Dust of Dreams
Page 74
This continent felt older than Quon Tali, older than Seven Cities. It was a land that had been fed on for too long.
On the western shore, farmland formed narrow strips with one end reaching down to the river and the other, a third of a league inland, debouching on to the network of roads crisscrossing the region. Without these farms, the Letherii would starve. Yet Bottle was troubled by the dilapidated condition of many of the homesteads, the sagging barns and weed-ringed silos. Not a single stand of trees remained; even the stumps had been pulled from the withered earth. The alder and aspen windbreaks surrounding the farm buildings looked skeletal, not parched but perhaps diseased. Broad fans of topsoil formed muddy islands just beyond drainage channels, making that side of the river treacherous. The rich earth was drifting away.
Better indeed, then, to be facing the eastern shoreline, desolate as it was.
Some soldier had been making the circuit, pacing the barge as if it was a cage, and he’d heard the footsteps pass behind him twice since he’d first settled at the railing. This time, those boots came opposite him, hesitated, and then clumped closer.
A midnight-skinned woman arrived on his left, setting hands down on the rail.
Bottle searched frantically for her name, gave up and sighed. ‘You’re one of those Badan Gruk thought drowned, right?’
She glanced over. ‘Sergeant Sinter.’
‘With the beautiful sister—oh, not that you’re not—’
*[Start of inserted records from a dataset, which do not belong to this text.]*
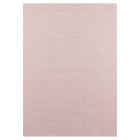 Kurzflor Teppich SKY Rosa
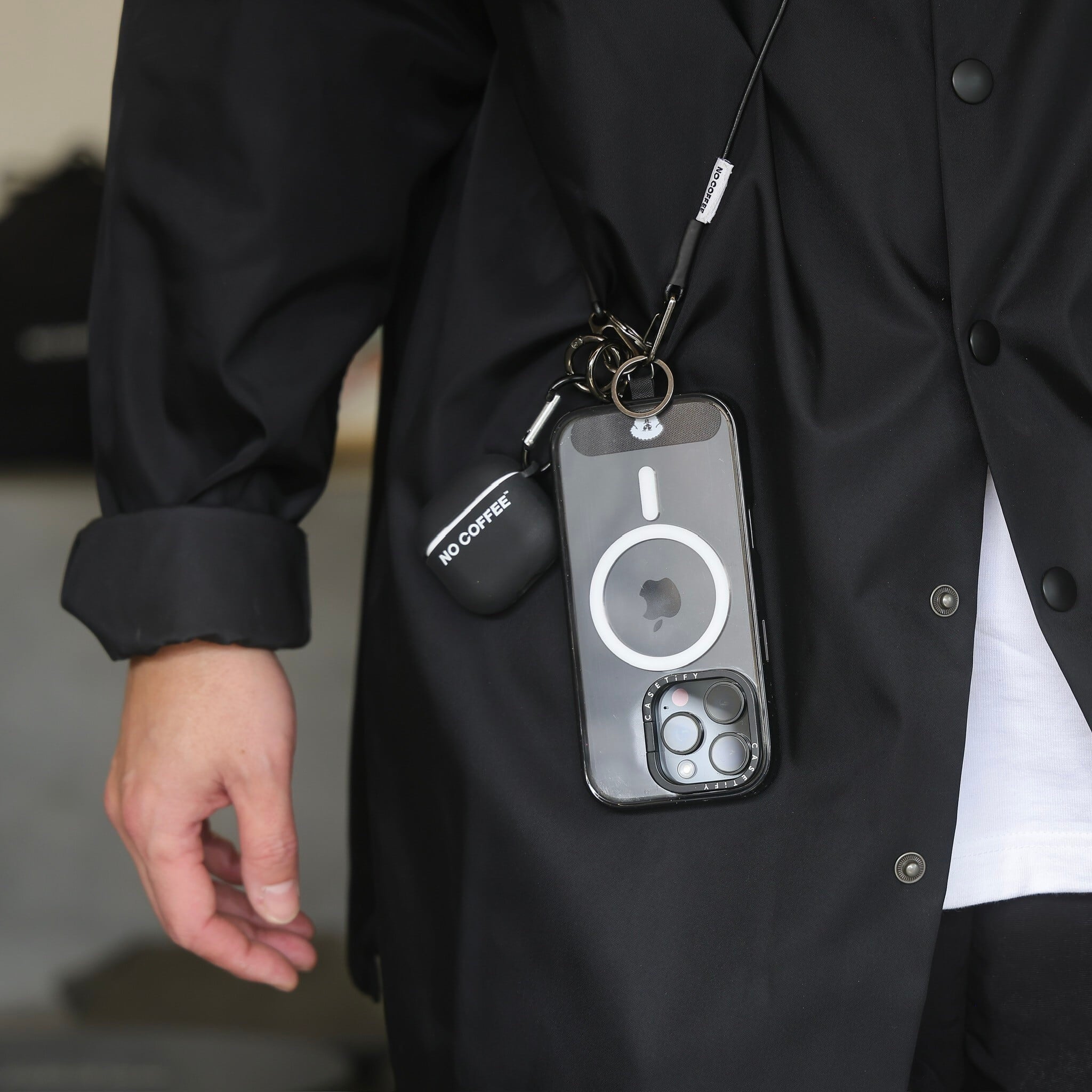 NO COFFEE MULTI HOLDER L Size | NO COFFEE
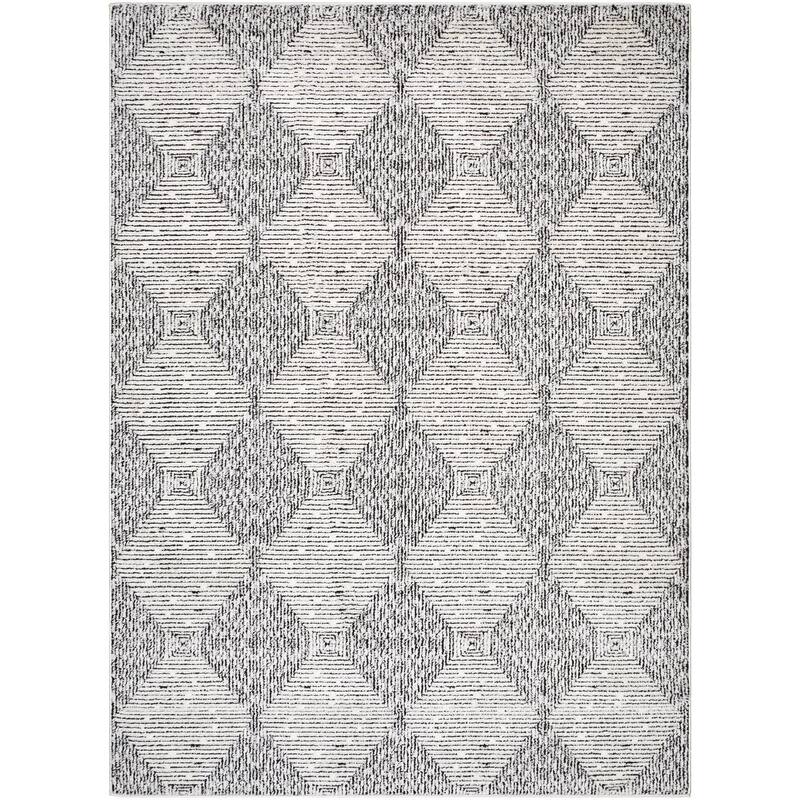 Livabliss Freud Modern & Contemporary Trellis Area Rug
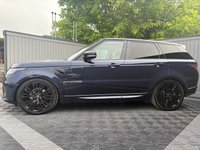 USED 2019 19 LAND ROVER RANGE ROVER SPORT 3.0 SD V6 HSE Dynamic SUV 5dr Diesel Auto 4WD Euro 6 (s/s) (306 ps) +AUTOTRADER TOP RATED SELLER ++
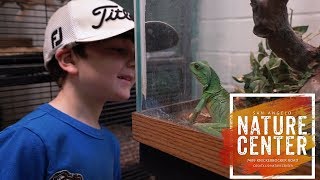 San Angelo's Hidden Gem: The San Angelo Nature Center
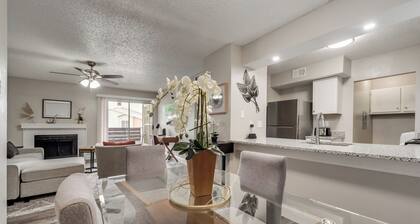 25% off 1st Flr Fully Upgraded 1BD DFW South - Irving I006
‘With the beautiful sister, aye. Her name’s Kisswhere, which is a kind of knowing wink all on its own, isn’t it? Sometimes names find you, not the other way round. So it was with my sister.’
‘Not her original name, I take it.’
‘You’re Bottle. Fiddler’s mage, the one he doesn’t talk about—why’s that?’
‘Why doesn’t he talk about me? How should I know? What all you sergeants yak about is no business of mine anyway—so if you’re curious about something Fid’s saying or not saying, why don’t you just ask him?’
‘I would, only he’s not on this barge, is he?’
‘Bad luck.’
‘Bad luck, but then, there’s you. When Fiddler lists his, uh, assets, it’s like you don’t even exist. So, I’m wondering, is it that he doesn’t trust us? Or maybe it’s you he doesn’t trust? Two possibilities, two directions—unless you can think of another one?’
‘Fid’s been my only sergeant,’ Bottle said. ‘If he didn’t trust me, he’d have long since got rid of me, don’t you think?’
‘So it’s us he doesn’t trust.’
‘I don’t think trust has anything to do with it, Sergeant.’
‘Shaved knuckle, are you?’
‘Not much of one, I’m afraid. But I suppose I’m all he’s got. In his squad, I mean.’
She’d chopped short her hair, probably to cut down on the lice and whatnot—spending a few months in a foul cell had a way of making survivors neurotic about hygiene—and she now ran the fingers of both hands across her scalp. Her profile, Bottle noted with a start, was pretty much … perfect.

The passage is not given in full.